Please repeat the whole listing exactly, but leave out any picture it holds.
(Data begins)
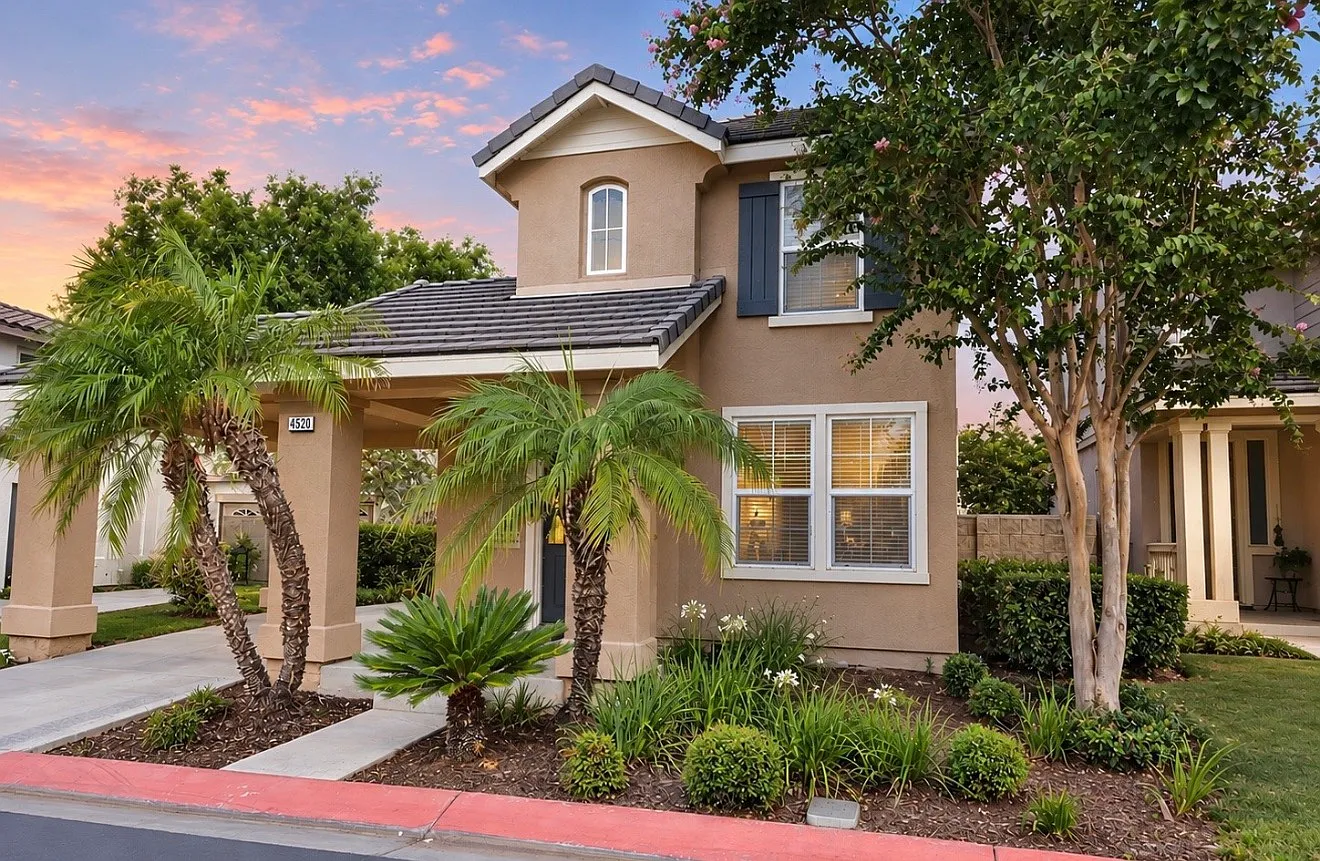 4 bed, 2.5 bath, 2112 sqft, $3,850 — Photo 3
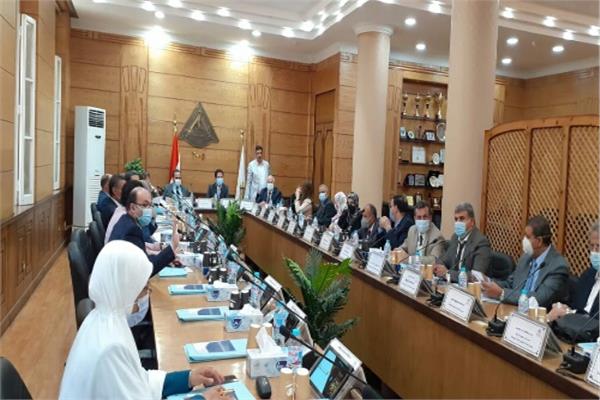  الجيزاوى يشيد بـ القيادات الأكاديمية والإدارية فى متابعة أعمال الإمتحانات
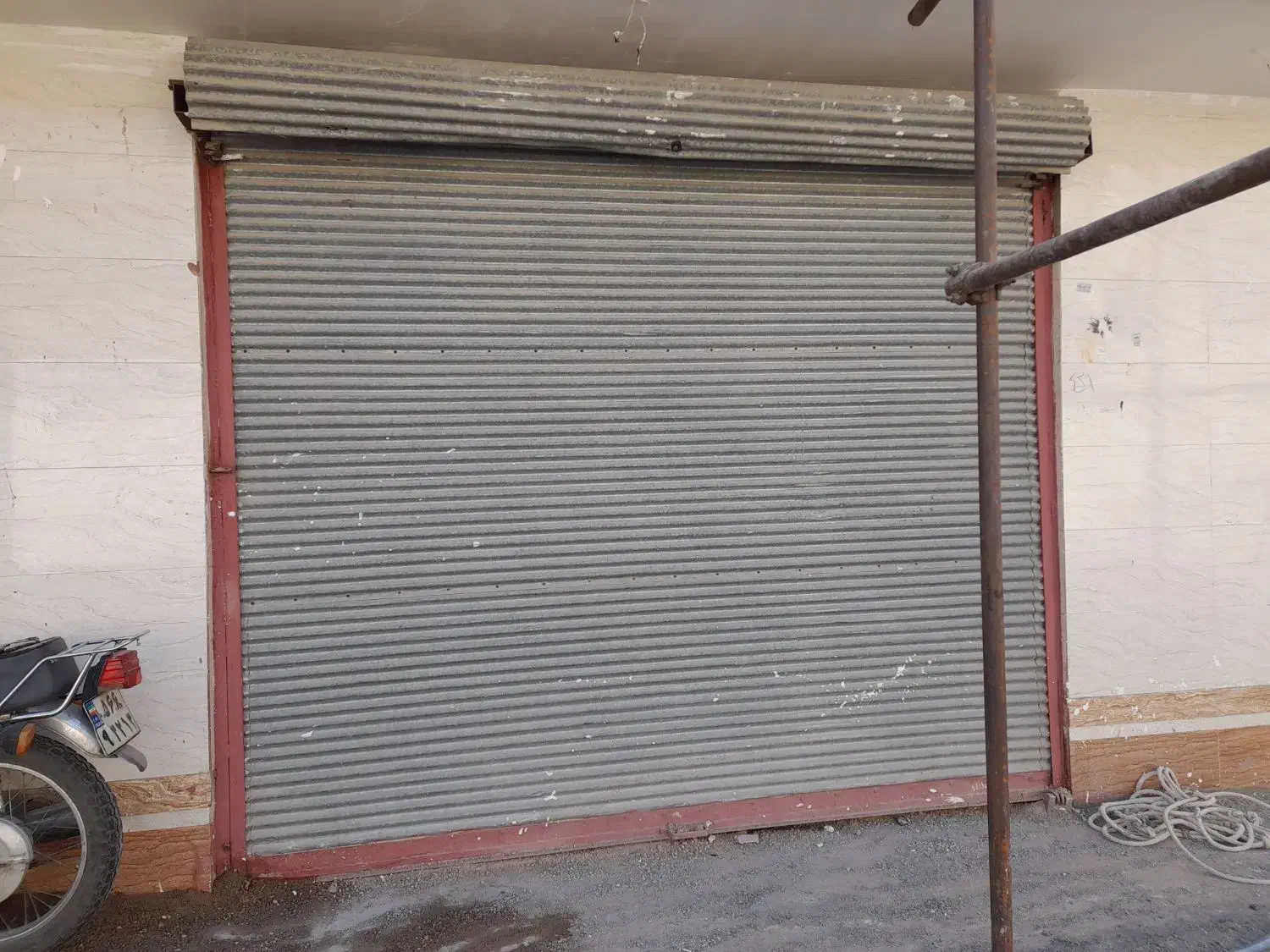 درب کرکره ای ..درجه یک و صحیح و سالم نو نو|مصالح و تجهیزات ساختمان|دزفول, |دیوار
(Data ends)
* [Finished task]:
 4 bed, 2.5 bath, 2112 sqft, $3,850 — Photo 3
  الجيزاوى يشيد بـ القيادات الأكاديمية والإدارية فى متابعة أعمال الإمتحانات
 درب کرکره ای ..درجه یک و صحیح و سالم نو نو|مصالح و تجهیزات ساختمان|دزفول, |دیوار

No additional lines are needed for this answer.